Norton, Desmond (1975) PROBLEMS IN ECONOMIC PLANNING AND POLICY FORMATION IN IRELAND, 1958-1974. BROADSHEET No. 12, June 1975. UNSPECIFIED.
Abstract
In retrospect, it seems that among the deficiencies in Irish economic policy in the early and mid-fifties were: (i) Failure to reorientate sufficiently Irish industry, and to promote services such as tourism, toward export markets after the period of growth via import substitution (the mid-’twenties to the ’fifties) had tapered off, and (ii) Failure to maintain, by fiscal measures, a high level of domestic demand.
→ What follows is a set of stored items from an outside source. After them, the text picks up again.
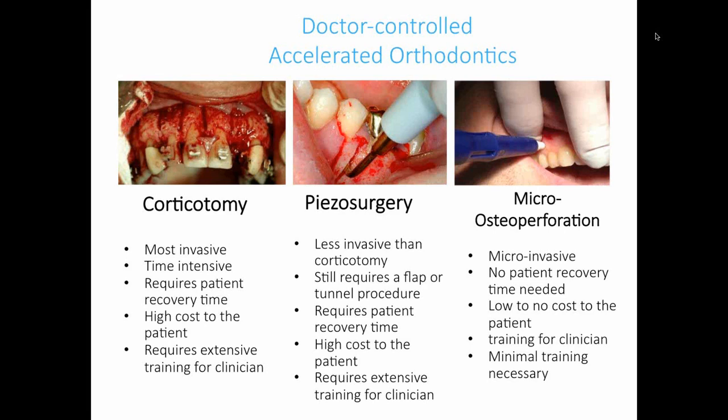For doctor-controlled accelerated orthodontics: corticotomy, known as Wilkodontics, is shown on the left. Depending on your area you may or may not be familiar with it. At Rutgers, I've seen multiple patients treated with Wilkodontics. I was underwhelmed by the tooth movement we got — for what the patient had to go through and how much it cost, I really didn't think it was worth it. The middle slide is PCO surgery — less invasive than Wilkodontics but still very expensive. Availability depends on your local periodontist.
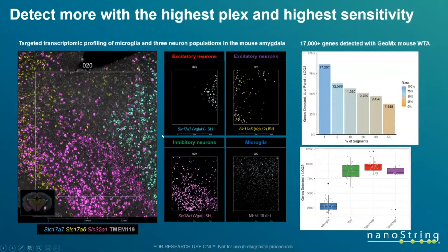The GeoMix instrument has the highest sensitivity you'll see on the market. In this sagittal section of a mouse brain stained with fluorescently labeled antibodies for various markers, we're masking over specific cell populations — excitatory neurons, microglia, inhibitory neurons, etc. The capture efficiency for this particular target shows over 17,000 genes captured out of an 18,000-gene panel, with roughly over 7,500 genes detected in each segment analyzed. That's a tremendous amount of sensitivity and information captured from each profiled region.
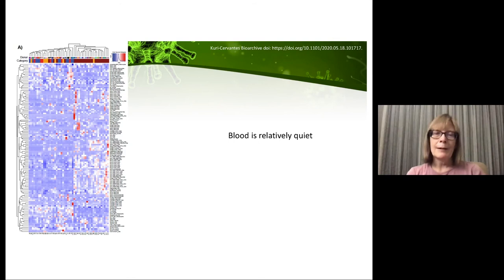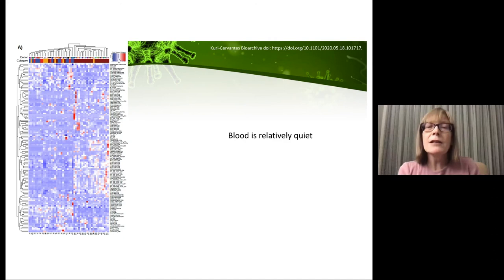This RNA-seq heat map of blood shows disease severity across the top. The severe patients are on the right in maroon, but looking at these data it's really not very dramatic compared to the clinical severity of the disease. I've boxed two regions that did show clear differences: T-cell activation and DR expression, and a darker blue region representing Temra cells and intermediate monocytes.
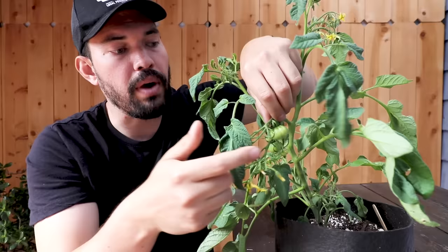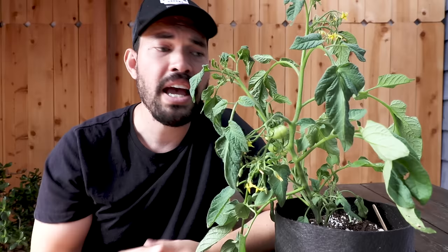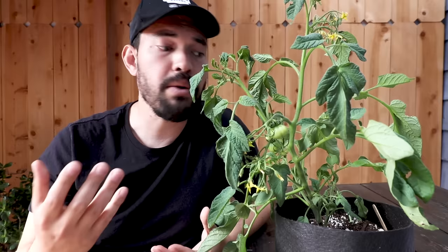Myth number three has to do with blossom end rot. It is not caused by an insect and it's not caused by a disease. Blossom end rot refers to a condition where the blossom end — the bottom end of a tomato — gets a water-soaked spot that eventually hardens off, turning black or brown and tough, effectively ruining the fruit. You hear the word 'rot' and think maybe a bacterial or fungal issue, but it's actually a plant condition.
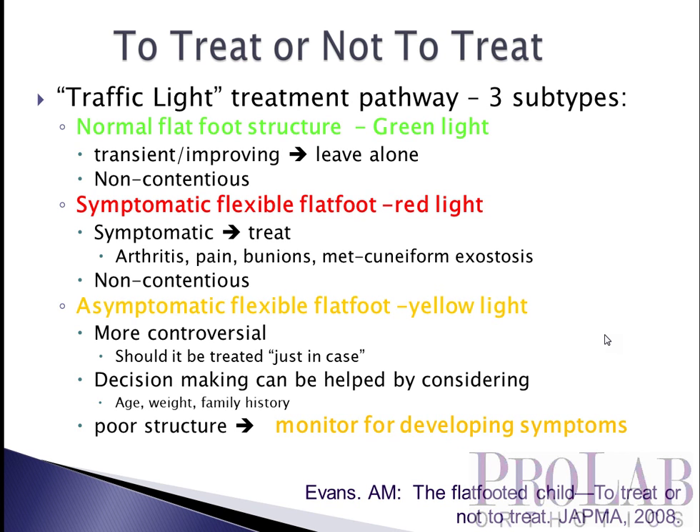The first group are those in the green light group — these are normal flat foot patients. It's normal for children to be flat-footed up to about the age of six. In fact, in a study by Val Massey, it was shown that kids start with a heel everted an average of about six degrees, and that decreases about one degree per year up to about age six. So it's certainly not unusual for a three-year-old to have a pes planus foot type, and there's no reason that needs to be treated.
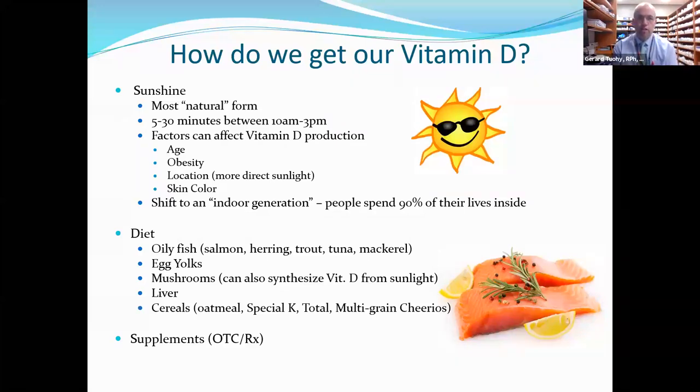How do we get our vitamin D? Sunshine is the most natural form — 5 to 30 minutes between 10 a.m. and 3 p.m. But many factors affect vitamin D production: age, because as we get older we're less efficient at producing it; obesity — even though vitamin D is fat-soluble, obese patients actually have low vitamin D levels; location, since you get more ultraviolet light closer to the equator; and skin color, as darker skin with more melanin acts as a sun protectant, so that population doesn't get as much vitamin D.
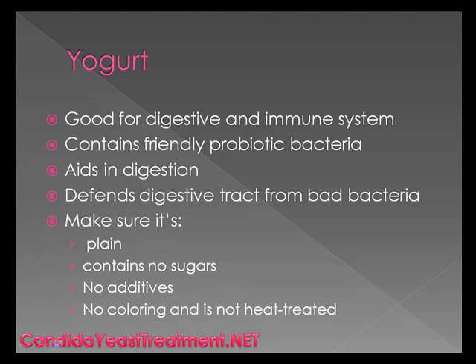Yogurt is a great additive to your diet as well. It's good for digestion and your immune system. It contains friendly probiotic bacteria and will also help you with your digestion. It defends your digestive tract from the bad bacteria. You just need to make sure that this yogurt is plain, contains no sugars, no additives, no coloring, and is not heat treated. You can get this kind of yogurt at your natural health food store, and it's really not that expensive — it might be the same price, if not less, as normal yogurt from the grocery store.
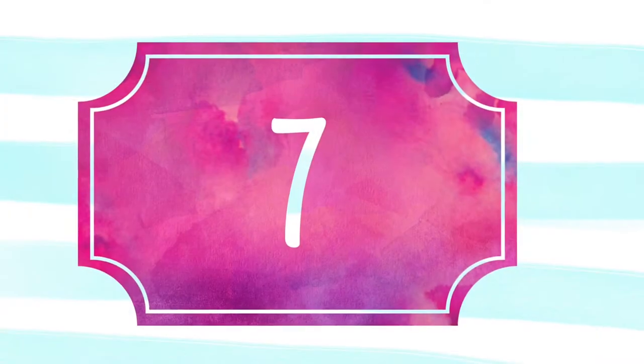Number seven: antibacterial wipes. Yeah, you're gonna be touching a lot of garbage and a lot of dirt. Baby wipes work too, but find yourself some antibacterial wipes because after every sale, picking, old house, or estate sale, I want to wash my hands right now. I don't want to have to find a bathroom. So invest in a lot of them.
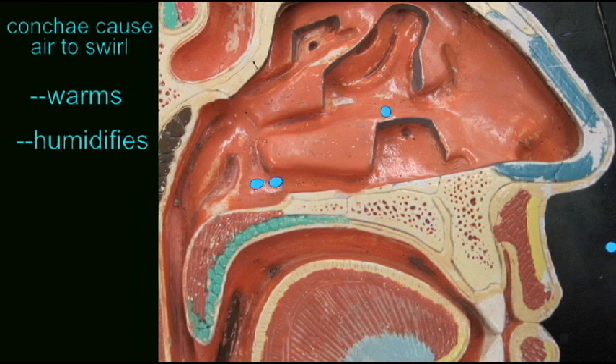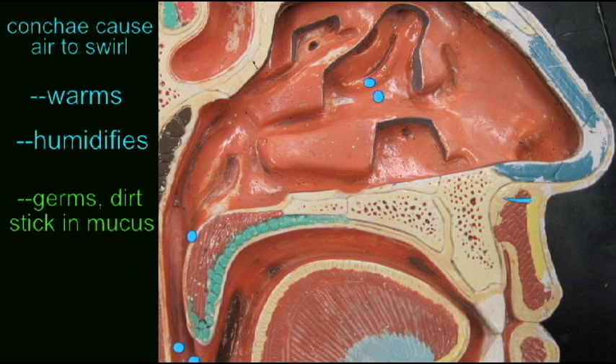So, in the nasal cavity, there are these bony plates which project into the cavity known as conchae. These cause the incoming air to swirl, and this turbulence allows the air to warm and to humidify. And therefore, when this air reaches the delicate cells of the lungs, it is warmer air and more humidified air, less likely to disrupt the homeostasis of the cells of the lungs.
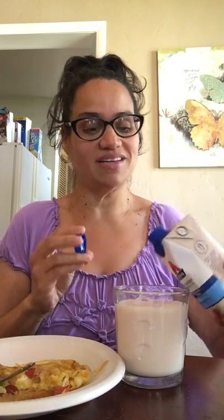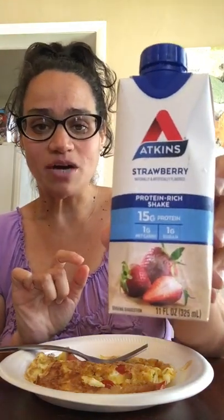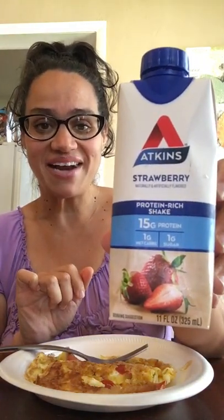This one tastes just like strawberry Quick — I used to drink that a lot when I was a kid. It's not too pink, but it's so good. I love these protein shakes from Atkins and we are allowed to have those on keto. This one only has one gram of net carbs. Look how low that is — one gram. That's awesome.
The extreme openness of tile economy is a feature to be recalled: imports since 1947 have averaged over 40 per cent of GNP at factor cost. Despite import substitution, imports, and the ratio of imports to GNP, had risen between the ’thirties and the ’fifties. In the absence of considerable foreign borrowing (which, apparently for nationalistic reasons, successive governments discouraged) increased demand for imports, necessary for, as well as generated by, income growth, could not be satisfied without placing stress on balance of payments constraints on domestic expansion. Fear of adverse international payments balances was, in fact, the principal rationale for the deflationary fiscal policies of the times.